Introduction
============

This product dumps stack traces of long running requests of a Zope2 instance to
a log file. If a request takes more than a configured timeout, it's stack trace
will be dumped periodically to a log file.

It was authored by Leonardo Rochael Almeida, and made possible with developer
time generously donated by `Nexedi <http://www.nexedi.com/>`_, and with design
input from Sébastien Robin and Julien Muchembled.

Installation
============

Buildout Installation
---------------------

Add "Products.LongRequestLogger[standalone]" to the list of eggs of the part
that defines your Zope instance.

Buildout Installation for Old Zope Versions
-------------------------------------------

Add "Products.LongRequestLogger[python24]" to the list of eggs of the part
that defines your Zope instance. This will automatically pull in the
'threadframe' module which is needed for Python versions < 2.5.

Manual Installation for Old Zope Versions
-----------------------------------------

Add the LongRequestLogger package inside your Products instance directory and
install the 'threadframe' module into the Python interpreter used to run Zope.

Configuration
=============

Add (or change) the "environment" section of your zope.conf to something like
this::

    # Products.LongRequestLogger config
    <environment>
          longrequestlogger_file $INSTANCE/log/longrequest.log
          longrequestlogger_timeout 4
          longrequestlogger_interval 2
    </environment>

The following variables are recognised:

 * "longrequestlogger_file": This is a mandatory variable. Its absence means the
   LongRequestLogger monkey-patch to the publication machinery will not be
   applied. It should point to a file where you want the long requests to be
   logged.

 * "longrequestlogger_timeout": The amount of seconds after which long requests
   start being logged. Accepts floating point values and defaults to 2.

 * "longrequestlogger_interval": The frequency at which long requests will have
   their stack trace logged once they have exceeded their 'timeout' above.
   Defaults to 1 and accepts floating point values.

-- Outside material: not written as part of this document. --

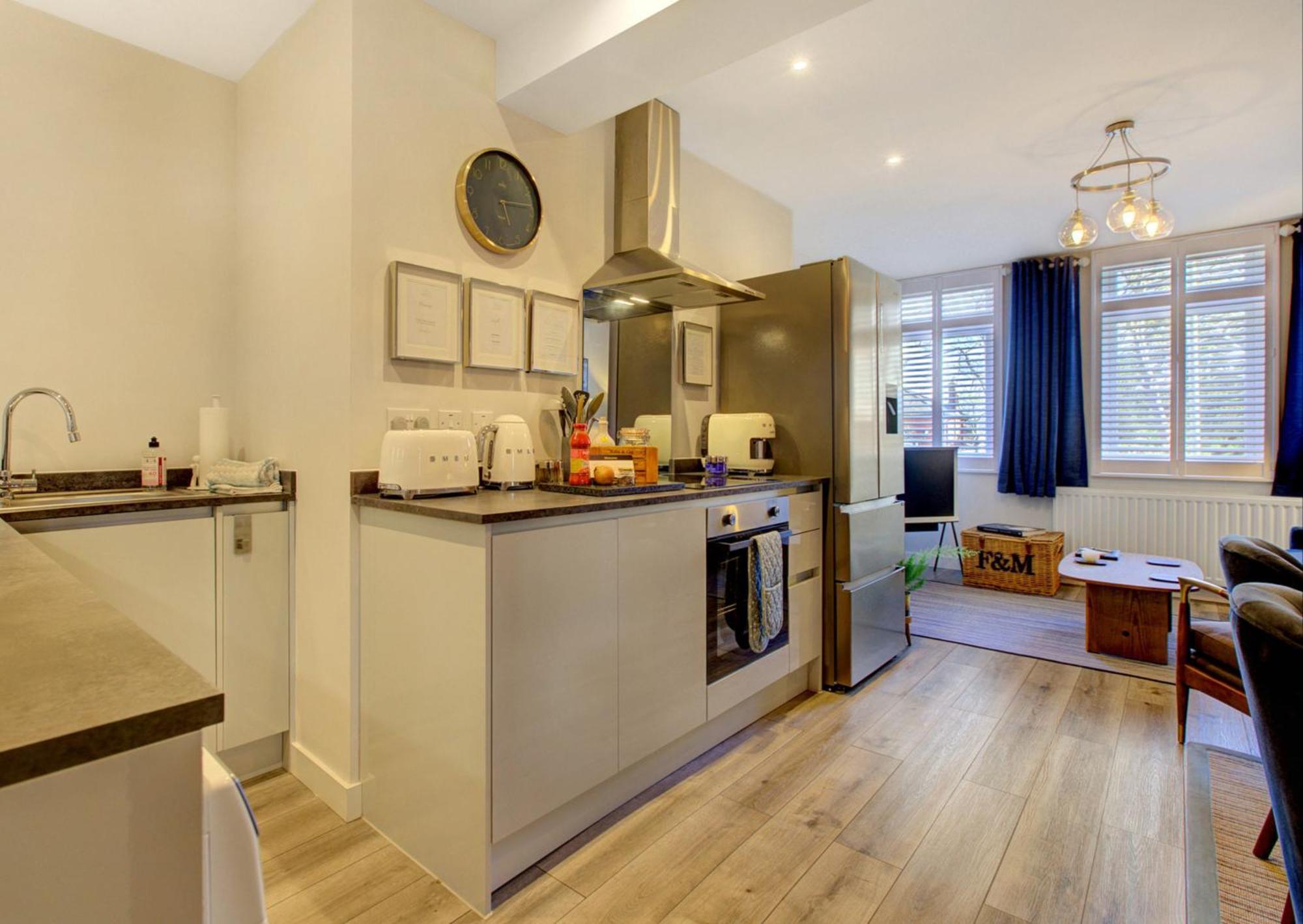 Stylish, Business Traveller Friendly Apartment, With Free Parking And Netflix Farnborough  Eksteriør billede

For the curious, the use of environment variables instead of ZConfig directives
is due to two reasons:

 1. The environment variable can be changed at runtime to affect the behaviour
    of the logger.

 2. Old Zope versions don't have the ability to use "product-config" syntax,
    and writing a ZConfig component for just 3 keys is overkill.

Runtime Configuration
---------------------

On the first point above, changing the longrequestlogger_file variable changes
the logging destination for all subsequent requests after the change (and
likely any ongoing request as well), but if Zope is started without that
variable defined, then setting at runtime will not have any effect.

The other two variables can also be dynamically changed as well, and will take
effect at the following request after the change, for all threads in the same
process.

Interpreting results
====================

It's important to keep in mind a few important facts about the behaviour of
Zope2 applications and threads while looking at the results:

 1. Each thread only handles one request at a time.
 
 2. Slow requests will usually have tracebacks with a common top part and a
    variable bottom part. The key to the cause of the slowdown in a request
    will be in the limit of both.

If you're in a pinch and don't want to parse the file to rank the slowest
URLs for investigation, pick up a time in seconds that's a multiple of your
interval plus the timeout and grep for it. For the default settings, of
time-out and interval, you will find log entries for 4 then 6 then 8 seconds,
so you can do a grep like::

 $ grep -n "Running for 8" longrequest.log 

And decide with URLs show up more. Then you can open the log file, go to the
line number reported and navigate the tracebacks by searching up and down
the file for the same thread id (the number after "Thread" in the reported
lines). Then analise the difference between the tracebacks of a single request
to get a hint on what this particular request is doing and why it is slowing
down.

By doing this for a number of similar requests you will be able to come up with
optimisations or a caching strategy.